In Guna, the citadel of the Scindias, there is a possibility of sabotage by unhappy BJP cadres themselves, in addition to the angst of the Yadav community, a large and dominant OBC community in the region, over the denial of a ticket to first-time MP Dr K.P. Yadav. These could create a shocker for union minister Jyotiraditya Scindia.
Rao Yadvendra Singh Yadav has been fielded by the Congress here, and is considered a relatively weaker candidate than K.P. Yadav. However, given the circumstances against Scindia, him pulling off an upset can’t be ruled out. The union minister is campaigning hard with his wife Priyadarshini Raje Scindia and their son Mahanaryaman Scindia.
Veerpal Yadav isn’t alone in this claim that rarely had the people seen the ‘royal’ family campaigning on the streets and villages in the past, so confident were they of the ‘loyalty’ of the people.

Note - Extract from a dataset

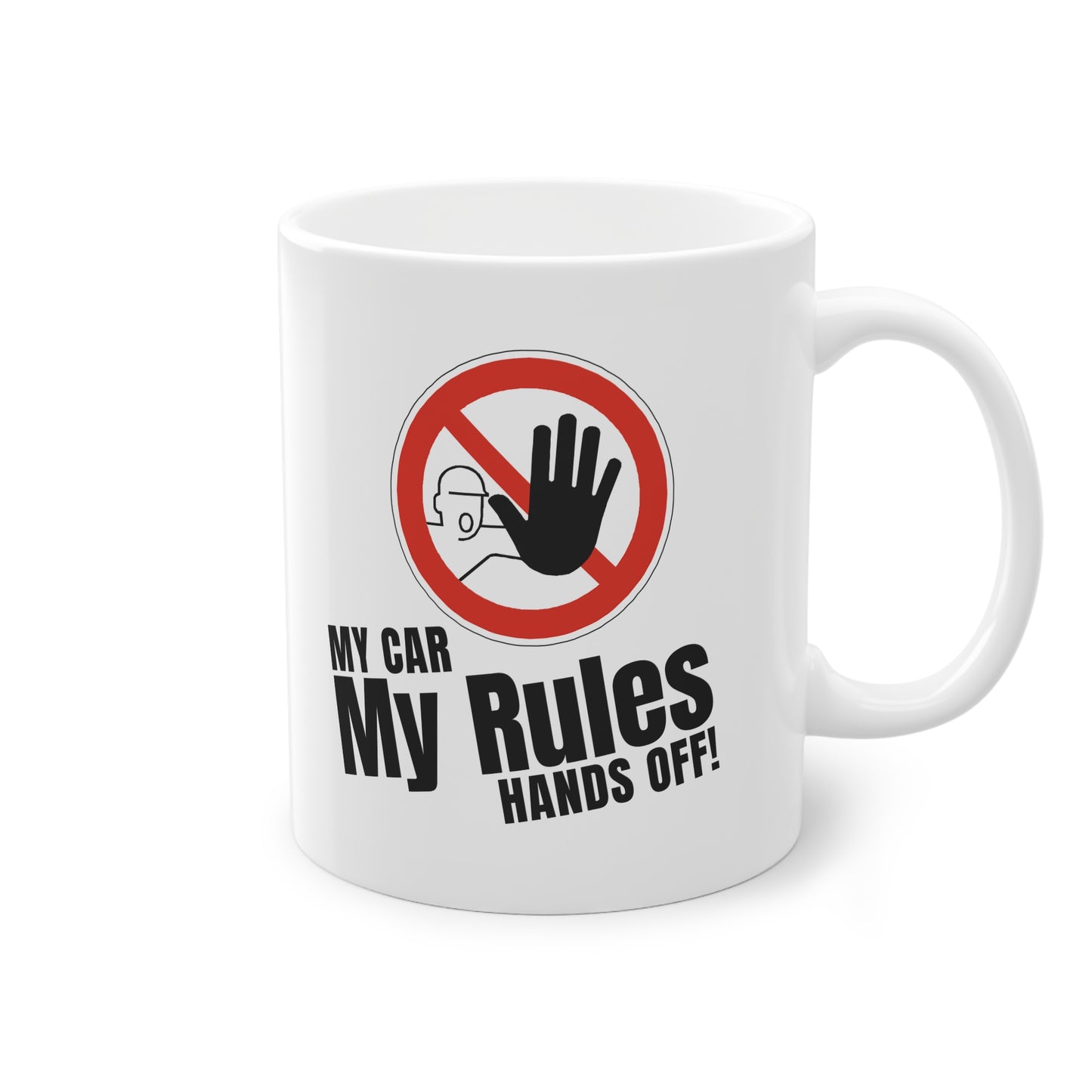 "My Car, My Rules, Hands Off!" | JDM Coffee Cup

In Rajgarh, former chief minister Digvijaya Singh, though pushing 77, is still believed to have an edge over sitting BJP MP Rodmal Nagar, a two-term MP. Besides the anti-incumbency factor working against Nagar, Digvijaya Singh’s emotional appeal for a last chance to serve his people is seeing traction.
On the other hand, union home minister Amit Shah and other BJP leaders’ calls for giving Digvijaya Singh a “permanent farewell” and allusions to his advanced age have not gone down well with the people. The ‘Diggi Raja’ himself is defying his age to actively campaign in the constituency.
The Congress veteran became MP from Rajgarh for the first time in 1984. However, he lost to the BJP’s Pyarelal Khandelwal in 1989, before wresting the seat back from him in 1991 and vacating the seat in 1994, after he was chosen by the Congress as the state’s chief minister. A Rajya Sabha member, he lost the Lok Sabha election from Bhopal in 2019.
Overall, there is little doubt that the BJP is set to win big in Madhya Pradesh. It is also equally certain, though, that it appears unlikely to repeat its feat of sweeping most of the seats. A loss of 6–8 seats looks like a distinct possibility at this stage of the election, and is reflected in the palpable uneasiness within the BJP ranks.